It has been ten years since the Legal Services Act gained Royal Assent, ushering in the most liberal services market in the world by some margin. Given that span of time, and the five years since the most radical elements of the act came into force with the regime for alternative business structures (ABS), it is natural to ask if it has lived up to billing.
There clearly was an impact of sorts, supporting an environment where new business models and fresh thinking were encouraged. That renewed the legal ambitions of the accountants, encouraged the pioneering UK launch of Slater and Gordon, and made Co-op as close as we have got to Tesco law. After a slow initial start there are now over 700 licensed ABSs in England and Wales, representing a significant chunk of the market. Also significant is the messy regulatory fallout and ongoing turf war that it triggered, which has continued with varying degrees of intensity ever since.
And yet it is impossible to escape the conclusion that the 2007 act has so far had surprisingly limited impact on the dynamics of the industry. Many of the current experiments seen in the profession are variations on themes evident in the 1990s and early 2000s. Tech-driven volume arms, automation and locum lawyering had been achieved without statute.

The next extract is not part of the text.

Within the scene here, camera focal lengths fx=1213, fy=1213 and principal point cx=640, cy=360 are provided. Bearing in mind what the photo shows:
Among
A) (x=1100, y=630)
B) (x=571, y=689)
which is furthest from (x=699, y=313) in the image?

As yet we have only three UK law firms with a domestic stock market listing – Gateley in 2015 and Gordon Dadds and Keystone Law 2017 respectively – while several of New Law’s most touted pioneers, among them Slater and Gordon, Co-op and Parabis, suffered high-profile reversals. Even the much-touted accountants have yet to get anywhere near justifying the claims made for them. Irwin Mitchell is yet to float or tap private equity and Gateley, ranking 48th in the Legal Business 100 is still the largest UK practice to seek outside capital.
These days it is mandatory for law firms to market relentlessly on innovation, even as such material is stretched ever-more thinly. New Law providers have had less impact than expected because they have been better at delivering new models than cutting the price of services.

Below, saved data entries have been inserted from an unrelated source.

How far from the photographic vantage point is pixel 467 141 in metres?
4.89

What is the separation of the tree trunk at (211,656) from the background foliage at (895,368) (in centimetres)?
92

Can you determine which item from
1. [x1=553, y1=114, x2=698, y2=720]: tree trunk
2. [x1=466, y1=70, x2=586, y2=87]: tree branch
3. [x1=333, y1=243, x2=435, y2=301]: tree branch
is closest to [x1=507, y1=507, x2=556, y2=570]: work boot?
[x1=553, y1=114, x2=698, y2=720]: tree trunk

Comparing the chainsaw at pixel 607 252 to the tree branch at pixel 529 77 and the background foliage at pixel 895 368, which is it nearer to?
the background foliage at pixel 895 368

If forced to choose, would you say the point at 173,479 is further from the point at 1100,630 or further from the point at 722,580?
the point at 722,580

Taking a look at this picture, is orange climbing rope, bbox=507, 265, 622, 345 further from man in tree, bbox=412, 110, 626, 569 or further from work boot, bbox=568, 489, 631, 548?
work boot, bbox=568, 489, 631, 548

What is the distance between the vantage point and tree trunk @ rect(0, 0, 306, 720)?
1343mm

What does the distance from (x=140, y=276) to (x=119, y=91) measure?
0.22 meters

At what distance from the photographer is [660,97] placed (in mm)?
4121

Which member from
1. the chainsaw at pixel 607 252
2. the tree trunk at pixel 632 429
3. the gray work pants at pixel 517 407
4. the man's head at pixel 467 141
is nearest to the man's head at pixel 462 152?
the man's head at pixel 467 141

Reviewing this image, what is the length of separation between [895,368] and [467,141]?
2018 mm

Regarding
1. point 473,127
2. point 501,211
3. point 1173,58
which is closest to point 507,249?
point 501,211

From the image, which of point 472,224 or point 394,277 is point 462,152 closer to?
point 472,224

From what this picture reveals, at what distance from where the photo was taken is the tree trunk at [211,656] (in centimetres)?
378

But the biggest criticism of the Legal Services Act saga is that it has done adjacent to nothing for the ill-served retail consumers whom it was supposed to aid. As the Competition and Markets Authority concluded last December after a year-long review, occasional users of legal services struggle to find a decent product at a reasonable price.
The irresistible pressure for change in the legal industry forever strikes the immovable object of professional conservatism and market realities of non-discretionary, distressed purchasing, which is what law is.
Perhaps a targeted attempt to create price transparency in retail services would have an impact but we would also need major consumer brands to enter the legal market to genuinely move the dial. Ten years on the Legal Services Act is long on laudable aims, still short on results.